# The task:
Exactly as written, copy every line from the one containing "vector of a" through the end of the records, with the pictures left out.

________

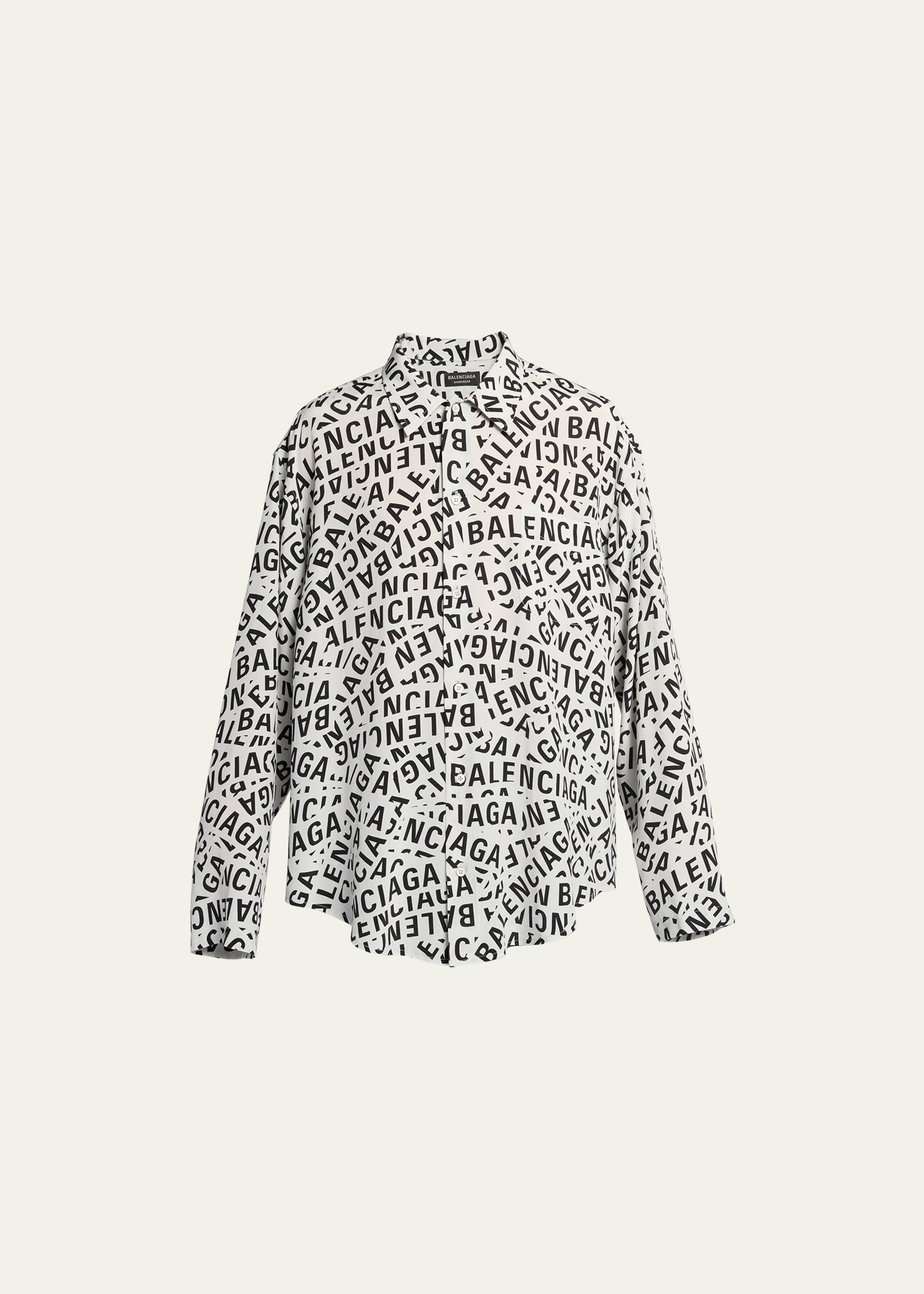 Shop Balenciaga Men's Logo Strips Print Poplin Shirt In Blanc/noir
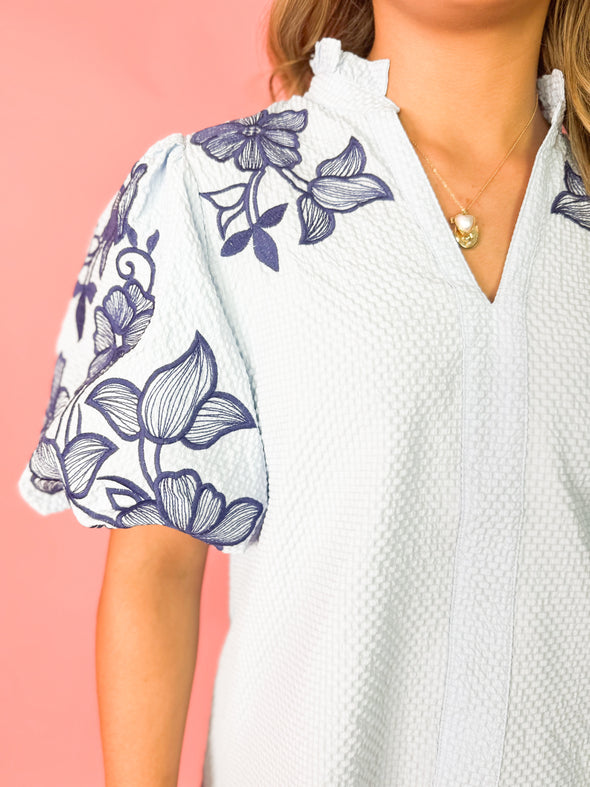 (THML) The Nattie Embroidered Top-Blue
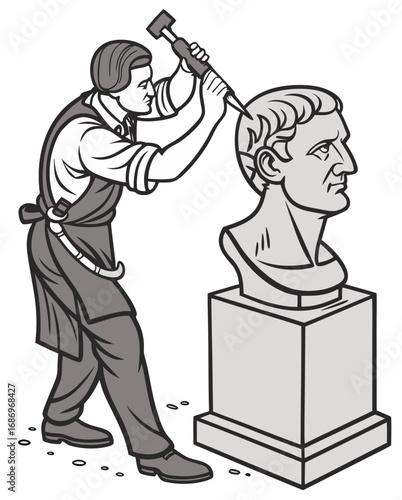 vector of a sculptor chiseling a stone bust on pedestal, dust flying, isolated on white background

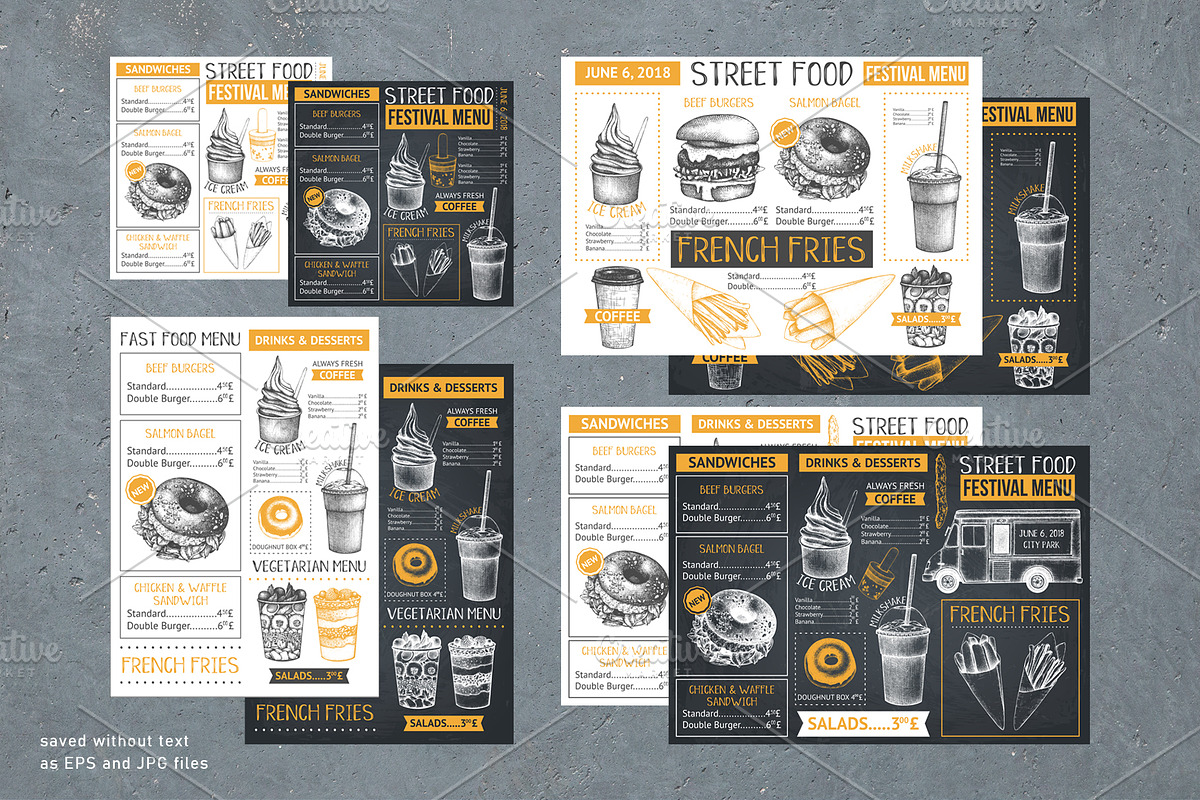 Fast Food Vectors & Designs Set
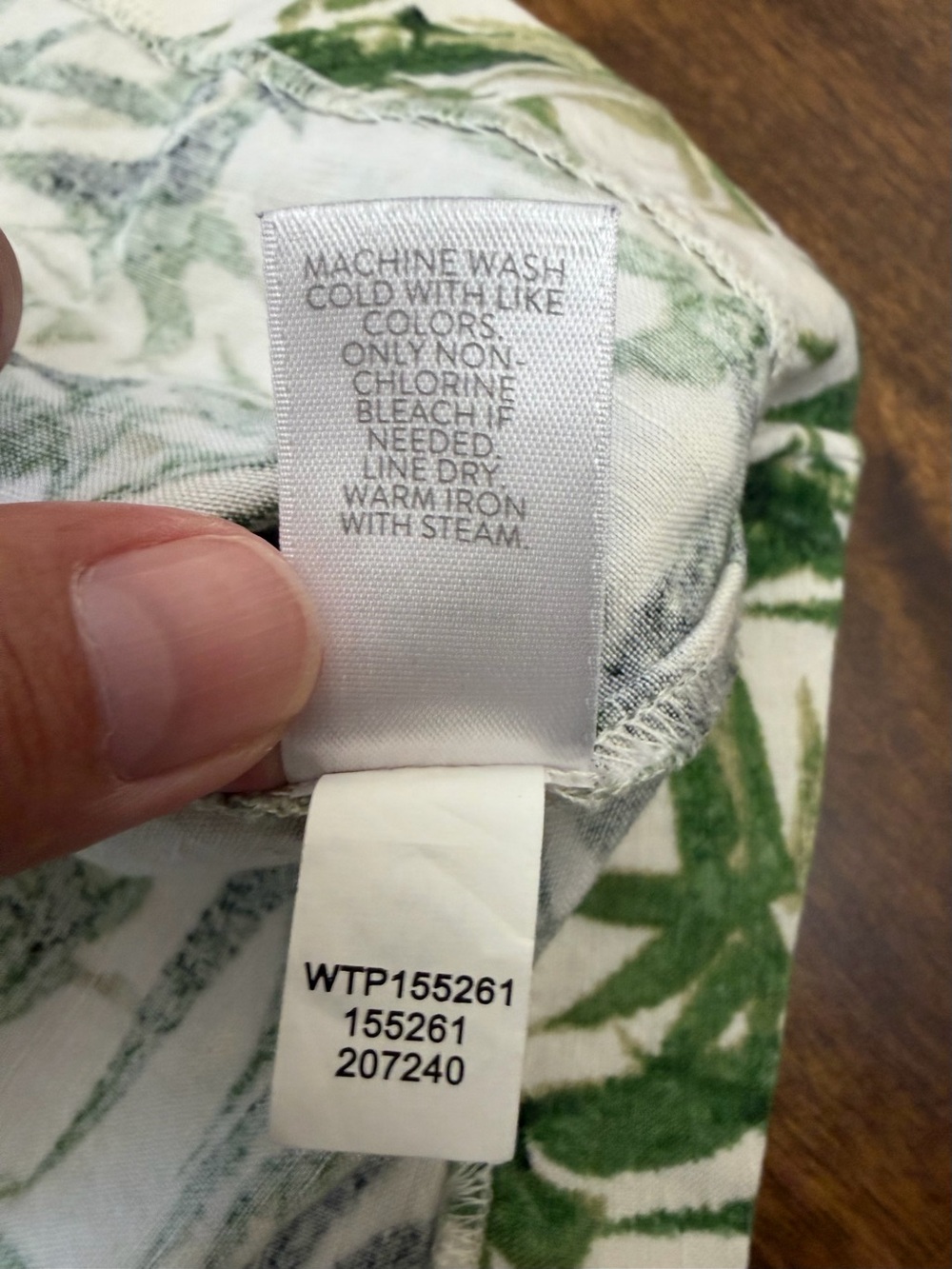 J Jill Top Green Linen Bamboo Leaf Print Tropical Botanical Coastal Beach L NWOT - Picture 8 of 10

________

# Answer space:
 vector of a sculptor chiseling a stone bust on pedestal, dust flying, isolated on white background

 Fast Food Vectors & Designs Set
 J Jill Top Green Linen Bamboo Leaf Print Tropical Botanical Coastal Beach L NWOT - Picture 8 of 10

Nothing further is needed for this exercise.